Aku hanya terdiam ketika mendengar lontaran kata-katamu
melalui telephone. Delapan menit dua
puluh lima detikmu cukup untuk membuatku terpaku. Aku mencerna setiap kalimat
yang kau tujukan padaku, sembari sesekali ku pejamkan mataku. Delapan menit dua
puluh lima detikmu benar-benar cukup untuk membuatku terkejut. Delapan menit
dua puluh lima detikmu benar-benar cukup untuk menyadarkanku. Dan, delapan
menit dua puluh lima detikmu benar-benar cukup untuk membuatku merenung. Kau
tahu?

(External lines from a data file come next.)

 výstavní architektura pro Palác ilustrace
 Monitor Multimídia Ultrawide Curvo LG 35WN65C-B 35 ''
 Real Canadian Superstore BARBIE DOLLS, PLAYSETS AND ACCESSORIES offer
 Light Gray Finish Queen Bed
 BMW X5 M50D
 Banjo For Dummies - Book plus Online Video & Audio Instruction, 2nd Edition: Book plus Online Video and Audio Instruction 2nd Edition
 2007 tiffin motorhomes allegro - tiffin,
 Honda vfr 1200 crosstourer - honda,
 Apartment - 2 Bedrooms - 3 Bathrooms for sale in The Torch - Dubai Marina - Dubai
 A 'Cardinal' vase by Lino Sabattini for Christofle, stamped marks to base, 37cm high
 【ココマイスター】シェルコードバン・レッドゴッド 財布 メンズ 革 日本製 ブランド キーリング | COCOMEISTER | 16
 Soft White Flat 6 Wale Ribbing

Delapan menit dua puluh lima detikmu membuatku sadar bahwa sebenarnya di sini
akulah yang mungkin egois. Bukan, bukan mungkin. Lebih tepatnya di sini akulah
yang egois. Aku selalu menuntut perhatianmu, aku selalu menuntut ini itu,
sedang aku tak ingin mengerti. Aku yang tidak mau mengerti namun aku yang
menyalahkanmu. Aku yang tidak mau mengerti namun aku yang tidak mau tahu. Ini bukan
perihal siapa yang salah dan siapa yang benar. Lebih tepatnya ini tentang siapa
yang mengerti dan siapa yang tidak mau mengerti. Kau mungkin lelah
menghadapiku. Seperti yang kau katakan, setiap manusia mempunyai batas. Dan mungkin
kau yang sudah benar-benar lelah. Lagi, aku tak ingin menyalahkanmu karena delapan
menit dua puluh lima detikmu telah menyadarkanku. Kau berkata bahwa kau merasa
hanya dirimu yang memberatkanku sedang aku tidak.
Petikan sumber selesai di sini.